News Release

Ancient pigs endured a complete genomic turnover after they arrived in Europe

Peer-Reviewed Publication

University of Oxford

Young European Wild Boar

image: New research led by Oxford University and Queen Mary University of London has resolved a pig paradox. Archaeological evidence has shown that pigs were domesticated in the Near East and as such, modern pigs should resemble Near Eastern wild boar. They do not. Instead, the genetic signatures of modern European domestic pigs resemble European wild boar. view more 

Credit: Image credit: Domenico Fulgione Federico, University of Naples

New research led by Oxford University and Queen Mary University of London has resolved a pig paradox. Archaeological evidence has shown that pigs were domesticated in the Near East and as such, modern pigs should resemble Near Eastern wild boar. They do not. Instead, the genetic signatures of modern European domestic pigs resemble European wild boar.

Published in Proceedings of the National Academy of Sciences, the study shows how this has happened. Working with more than 100 collaborators, researchers from Oxford's School of Archaeology sequenced DNA signatures from more than 2,000 ancient pigs including genomes from 63 archaeological pigs collected across the Near East and Europe over the last 10,000 years.

The findings revealed that the first pigs to arrive into Europe alongside farmers 8,000 years ago had clear Near Eastern genetic ancestry. Over the course of the next 3,000 years, however, ancient domestic pigs hybridised with European wild boar to such an extent that they lost almost all their Near Eastern ancestry. Some low level of Near Eastern ancestry, however potentially remained in the genome of modern European domestic pigs, and this likely explains their characteristic black, and black and white spotted coat colours. Higher level of Near Eastern ancestry were also maintained in pig populations on Mediterranean islands maintained probably because these populations experienced comparatively less gene flow with European wild boar relative to pigs on the continent.

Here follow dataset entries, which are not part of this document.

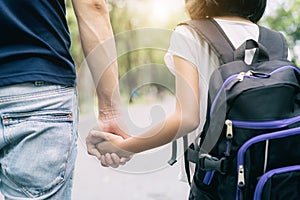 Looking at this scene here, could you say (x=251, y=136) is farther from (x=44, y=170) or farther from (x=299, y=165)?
(x=44, y=170)

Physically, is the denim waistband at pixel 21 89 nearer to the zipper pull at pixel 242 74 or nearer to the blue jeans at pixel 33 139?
the blue jeans at pixel 33 139

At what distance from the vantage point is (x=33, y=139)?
1.25 m

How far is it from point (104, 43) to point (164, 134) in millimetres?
289

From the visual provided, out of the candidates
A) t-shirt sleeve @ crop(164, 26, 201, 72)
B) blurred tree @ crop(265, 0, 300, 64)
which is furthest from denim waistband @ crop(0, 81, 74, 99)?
blurred tree @ crop(265, 0, 300, 64)

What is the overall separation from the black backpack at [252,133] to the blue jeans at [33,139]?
39cm

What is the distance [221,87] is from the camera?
1449mm

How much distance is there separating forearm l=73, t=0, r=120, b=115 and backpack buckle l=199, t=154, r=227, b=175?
10.4 inches

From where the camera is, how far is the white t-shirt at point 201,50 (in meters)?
1.55

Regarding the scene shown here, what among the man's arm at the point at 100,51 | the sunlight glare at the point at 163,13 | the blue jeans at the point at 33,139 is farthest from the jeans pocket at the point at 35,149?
the sunlight glare at the point at 163,13

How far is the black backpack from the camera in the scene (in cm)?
142

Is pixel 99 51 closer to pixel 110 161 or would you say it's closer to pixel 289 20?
pixel 110 161

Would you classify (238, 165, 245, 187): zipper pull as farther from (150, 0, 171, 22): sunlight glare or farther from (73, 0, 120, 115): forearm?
(150, 0, 171, 22): sunlight glare

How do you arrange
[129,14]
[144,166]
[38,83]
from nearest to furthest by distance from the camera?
[38,83]
[144,166]
[129,14]

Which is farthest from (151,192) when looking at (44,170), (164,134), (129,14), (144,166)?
(129,14) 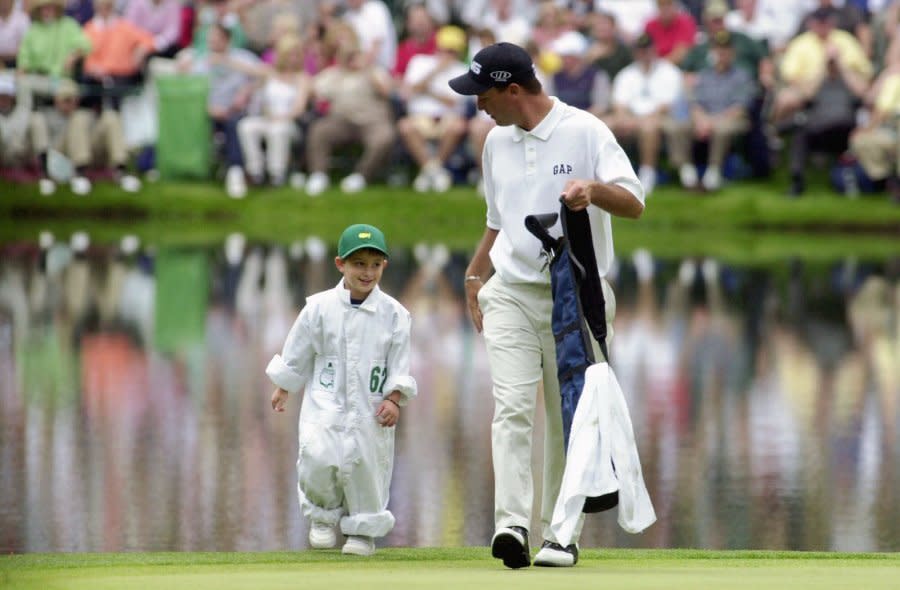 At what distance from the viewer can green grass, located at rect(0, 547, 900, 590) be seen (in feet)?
21.5

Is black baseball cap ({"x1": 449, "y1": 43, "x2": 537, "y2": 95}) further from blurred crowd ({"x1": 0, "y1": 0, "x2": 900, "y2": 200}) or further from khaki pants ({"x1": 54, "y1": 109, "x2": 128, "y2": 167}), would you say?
khaki pants ({"x1": 54, "y1": 109, "x2": 128, "y2": 167})

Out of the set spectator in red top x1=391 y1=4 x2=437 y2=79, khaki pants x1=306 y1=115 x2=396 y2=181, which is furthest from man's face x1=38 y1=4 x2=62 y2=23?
spectator in red top x1=391 y1=4 x2=437 y2=79

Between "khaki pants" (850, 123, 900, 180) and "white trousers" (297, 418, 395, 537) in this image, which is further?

Professor Greger Larson, Director of the Palaeogenomics & Bio-Archaeology Research Network (PalaeoBarn) at Oxford and senior author of the study, said: "Having access to ancient genomes over such a large space and time has allowed us to see the slow-motion replacement of the entire genome of domestic pigs. This suggests that pig management in Europe over millennia was extensive, and that though swineherders maintained selection for some coat colours, domestic pigs interacted with wild boar frequently enough that they lost the ancestral signature of the wild boar from which they were derived."

Dr. Laurent Frantz, lead author of the study at Queen Mary University of London, said: "We are all taught that the big change was the initial process of domestication, but our data suggests that almost none of the human-selection over the first 2,500 years of pig domestication has been important in the development of modern European commercial pigs."

Now that the team have pieced together a timeline of the genomic history of pigs in western Eurasia, the next steps in the research will be to precisely identify, in the genome of modern European domestic pigs, the few genes that retained their original Near Eastern ancestry. This will allow us to assess whether the artificial selection applied by early farmers in the Fertile Crescent, over 10,000 years ago, left any further legacy in modern pigs beyond coat colour.